Only two components are needed, a resistor and an inductor. At low DC and low frequencies, the inductor shorts out the resistor, allowing the loudspeaker driver to see the full amplifier output voltage. At high frequencies, the inductor's impedance is so high that effectively only the resistor remains in the circuit and the driver sees an attenuated amplifier output voltage. In other words, we have imposed a bass boost by attenuating the high frequencies. Because this circuit is passive, we incur an insertion loss at high frequencies, so the driving amplifier must offer sufficient headroom to make up for the loss. Here is the highs-boosting version.

Okay, since the easy versions requires fewer parts, why did I come up with my more complicated versions? The first answer is found in impedance plots. My versions results in a flat impedance equal to the driver's impedance. The easy versions don't yield a flat impedance, as the impedance only equals the driver's when the series resistor is shunted by either the inductor or the capacitor, but then rises once either the inductor or capacitor impedance rises, creating a summing of driver's impedance and the series resistor value.

Obviously, the greater the boost, the less flat the impedance plot will be. In other words, if the boost is modest, we can probably get away with the easy version. On the other hand, if the easy version is used with a single driver in a multi-way speaker, then the non-flat impedance will screw up the passive crossover, whereas my more complicated version won't, as the flat impedance is passive crossover friendly.

By the way, I should point out that the standard formulas for the easy tilt circuits are not optimal, as they fail to place the transition frequency at the target center frequency.

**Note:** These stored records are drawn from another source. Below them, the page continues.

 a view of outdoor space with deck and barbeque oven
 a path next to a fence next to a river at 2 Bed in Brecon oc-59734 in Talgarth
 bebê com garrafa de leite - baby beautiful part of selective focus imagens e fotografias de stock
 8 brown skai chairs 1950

Here is the correct procedure for the easy bass boost.

Next, the high-boost version of the easy circuit.

The key part in both circuits is the square root of the attenuation ratio. Here is an example with a target transition frequency of 1kHz and an 25-ohm driver impedance and a boost at high frequencies of +3dB.

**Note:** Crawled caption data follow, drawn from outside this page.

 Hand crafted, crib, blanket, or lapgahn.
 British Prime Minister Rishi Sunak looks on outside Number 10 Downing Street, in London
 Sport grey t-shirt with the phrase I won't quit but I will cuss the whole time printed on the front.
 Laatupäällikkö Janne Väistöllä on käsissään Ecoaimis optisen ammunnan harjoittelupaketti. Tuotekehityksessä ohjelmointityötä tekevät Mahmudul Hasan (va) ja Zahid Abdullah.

The standard formula for the capacitor value, C = 1/(2piFrequencyR), results in too low a value, so the center frequency occurs at 1189Hz, not 1kHz. By the way, we might end up with an unintended bass boost with this simple circuit, as the series resistor will greatly increase the drivers Qes, which in turn will increase the Qts, undoing the bass damping. Of course, some will view this as just an added bonus.

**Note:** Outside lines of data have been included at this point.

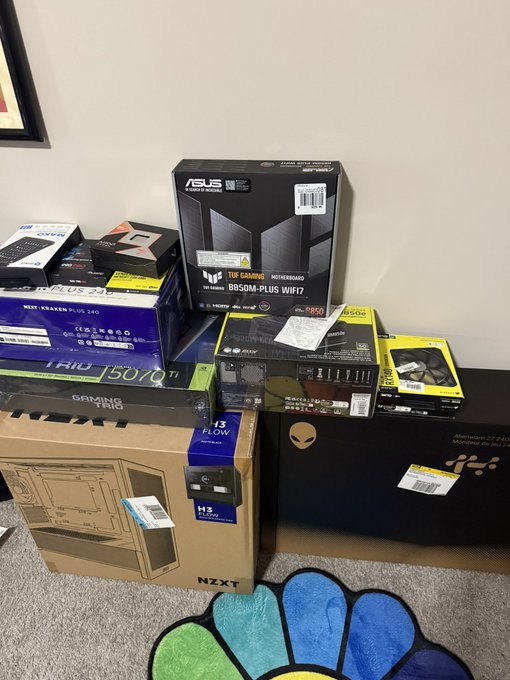 A collection of PC components is stacked on the floor, including an ASUS TUF Gaming B650M-Plus WiFi motherboard, NZXT H2 Flow case, MSI Pro B650 WiFi, a Wi-Fi 7 Pro box, Corsair Dominator Platinum RGB DDR5, and other parts.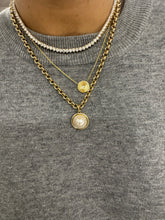 Load image into Gallery viewer, Willow Roe 14K Gold layered necklaces, featuring a diamond tennis necklace, a pleated, sunburst center diamond pendant, and a thicker chain links with pearl pendant on a model's neck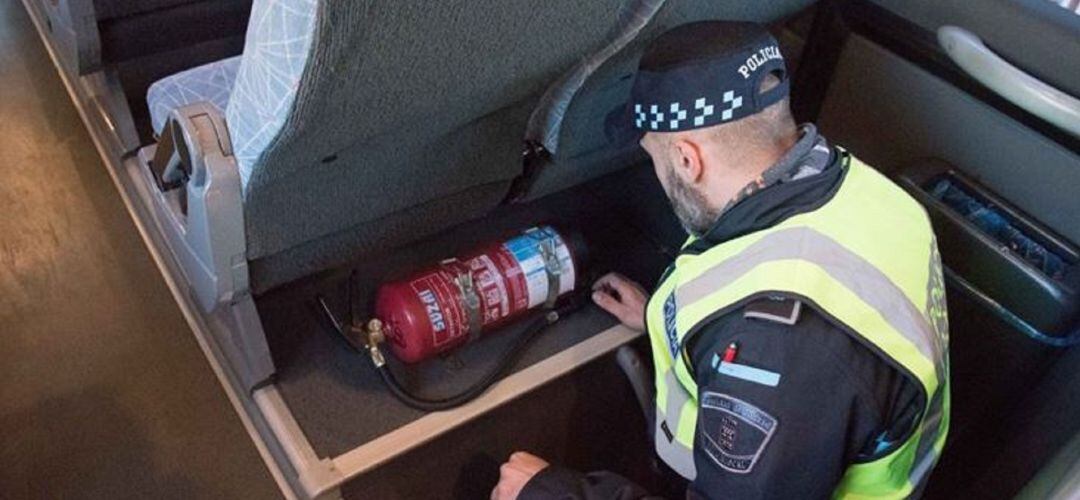 Un agente de Policía inspecciona un autobús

The second reason that I came up with my more complicated tilt circuits was that the easy versions simply do not work with current-output amplifiers, whereas mine do. Think about it: when an amplifier puts out fixed current, rather than fixed voltage, the loudspeaker driver does not see the easy tilt circuits' capacitors, inductors, or resistors, so no boost obtains. Now consider this: most tube-based amplifiers straddle some position between voltage-output and current-output amplifiers, neither belonging completely to one group nor another due to their relatively high output impedance.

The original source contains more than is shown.